Let the function $f:[a,b] \to \mathbb R$ be Lipschitz, that is, there is a constant $c \geq 0$ such that for all $u,v \in [a,b]$, $|f(u)-f(v)| \leq c|u-v|$. Show that $f$ maps a set of measure zero onto a set of measure zero. Show that $f$ maps an $F_\sigma$ set onto an $F_\sigma$ set. Conclude that $f$ maps a measurable set to a measurable set.

I have a question about this. We know that a set of measure zero must either be of the form [0], or it must be a set of countable elements. But for this function, we know that the domain is an interval...and we cannot have an interval with only countable elements, because an interval contains all reals, right? So for the first part of this question, we need to prove that [0] is mapped to [0], right?

Thanks in advance

$\endgroup$
  • 2
    $\begingroup$ Your first statement is not true. Have you heard of the Cantor set? It's uncountable but has measure zero. Also, the approach you should take is: Let $A\subseteq[a,b]$ have measure zero.
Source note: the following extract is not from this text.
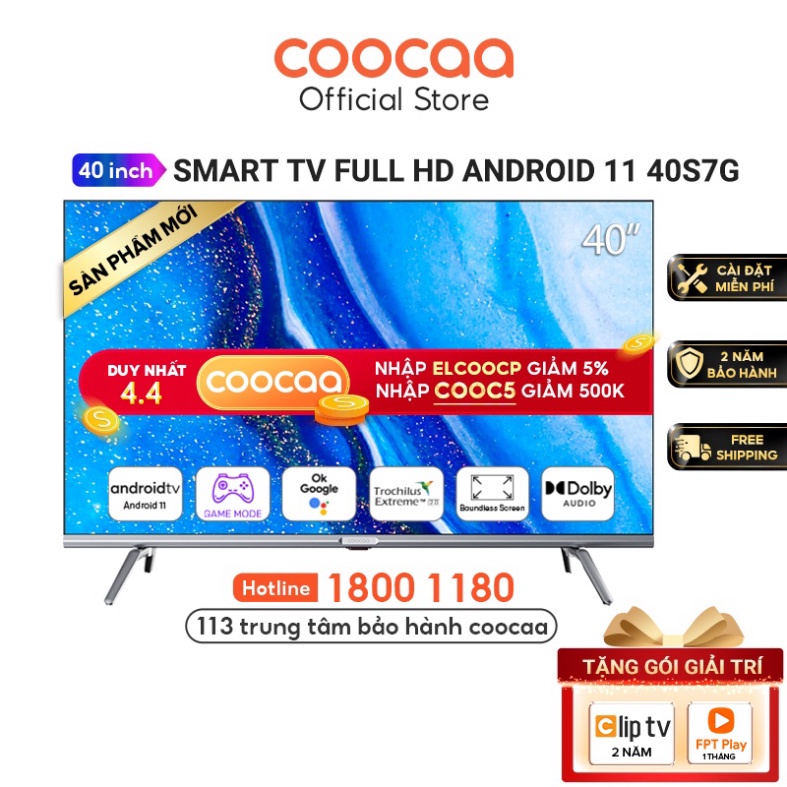 100% Smart TV Full HD Coocaa 40 Inch Wifi - 40S7G -Android 11 - Miễn phí lắp đặt UY Tín++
Now you want to show $f(A)\subseteq f[a,b]$ has measure zero $\endgroup$ – Clayton Feb 12 '13 at 11:40
  • 2
    $\begingroup$ I think you first need to understand the definition of a set of measure $0$ and see some examples. It is true that a countable set has measure zero. But there are also uncountable sets of measure zero, perhaps the nicest is cantor set en.wikipedia.org/wiki/Cantor_set $\endgroup$ – Lior B-S Feb 12 '13 at 11:41
  • 1
    $\begingroup$ @Artus: Every nondegenerate closed interval contains a Cantor set. Thus, you have to take into account all possible sets of measure zero, and show that the image has measure zero. $\endgroup$ – Clayton Feb 12 '13 at 11:54
  • 2
    $\begingroup$ See this for the first part of the assertion. $\endgroup$ – David Mitra Feb 12 '13 at 13:08
  • 2
    $\begingroup$ For the second part of the assertion, use (and prove, as appropriate in your situation) these facts: Every $F_{\sigma}$ set is a countable union of compact sets, the image of a compact set under a continuous function is a compact set (and hence closed), and functions preserve (arbitrary, and hence countable) unions. $\endgroup$ – Dave L. Renfro Feb 12 '13 at 20:04
13
+50
$\begingroup$

If $F \subset [a,b]$ is an $F_{\sigma}$-set then $F = \bigcup_{n=1}^{\infty} K_n$ with $K_n$ compact (since closed subsets of $[a,b]$ are compact). By continuity of $f$ the set $f(F) = \bigcup_{n=1}^{\infty} f(K_n)$ is the countable union of the compact sets $f(K_n)$ and hence $f(F)$ an $F_\sigma$-set, so $f(F)$ is measurable.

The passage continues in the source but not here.